◆ **Required action**: Using the listing below, print the line containing "Jerry Saltz appreciating", the line containing "What Service apology", and each line between them, exactly and nothing else. Pictures stay out of the print.

◆ **Stored data**:
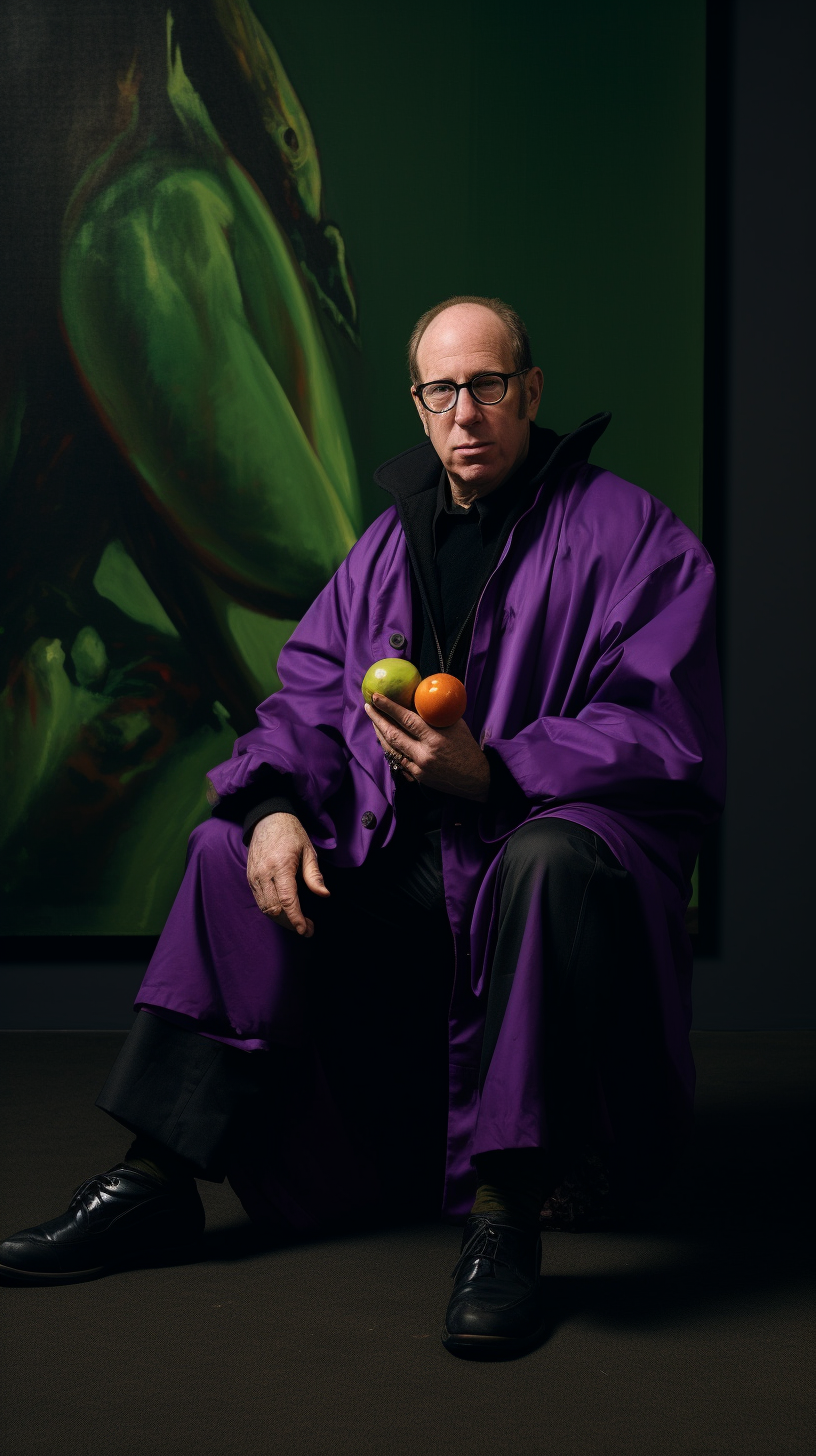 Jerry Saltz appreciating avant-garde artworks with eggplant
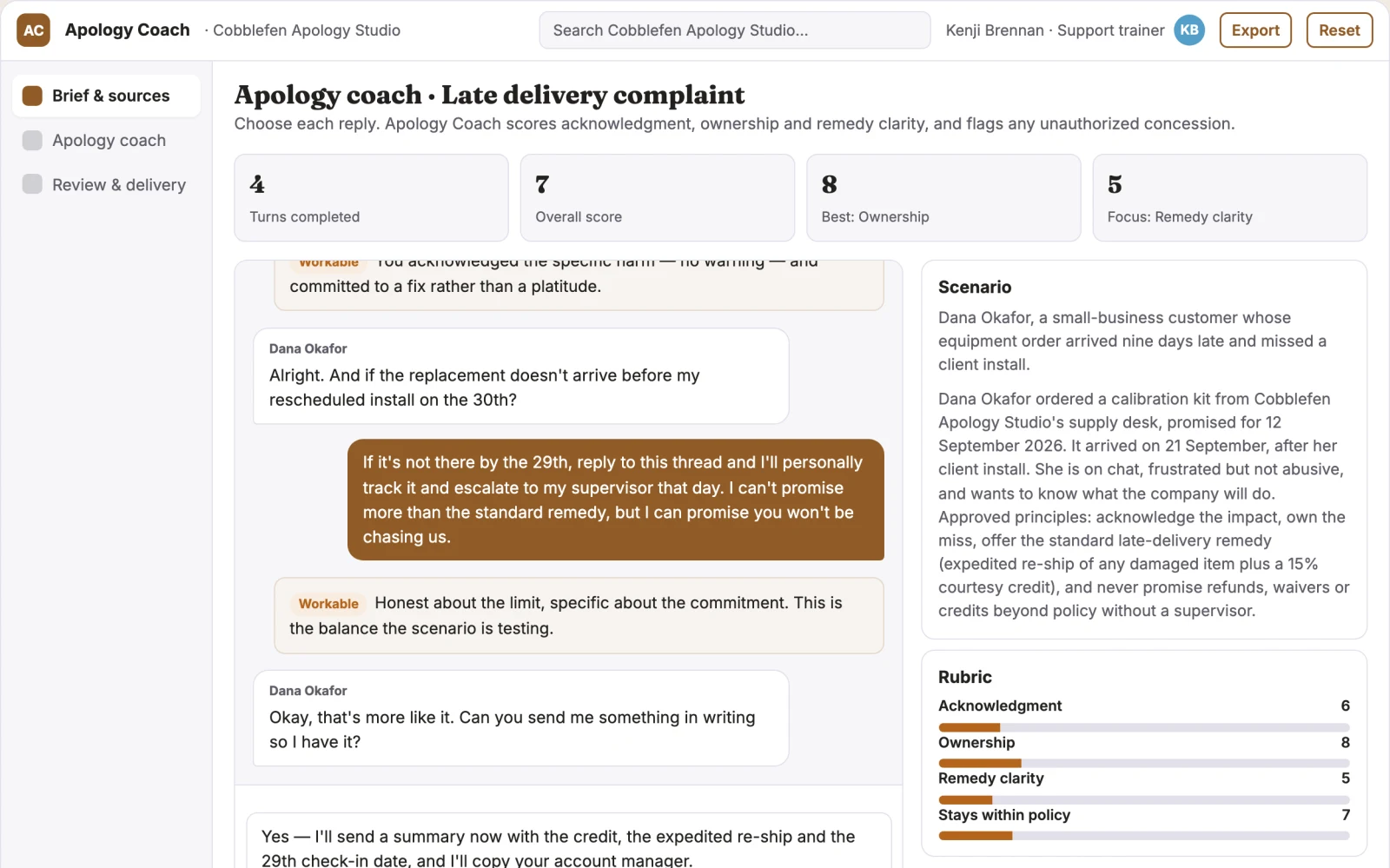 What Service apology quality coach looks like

--

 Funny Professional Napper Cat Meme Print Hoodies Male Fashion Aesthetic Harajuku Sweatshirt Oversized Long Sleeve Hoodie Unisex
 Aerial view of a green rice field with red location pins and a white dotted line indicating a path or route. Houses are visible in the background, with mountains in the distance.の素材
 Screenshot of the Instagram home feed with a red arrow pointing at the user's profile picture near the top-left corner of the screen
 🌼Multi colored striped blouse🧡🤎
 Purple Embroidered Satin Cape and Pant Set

◆ **Task result**:
 Jerry Saltz appreciating avant-garde artworks with eggplant
 What Service apology quality coach looks like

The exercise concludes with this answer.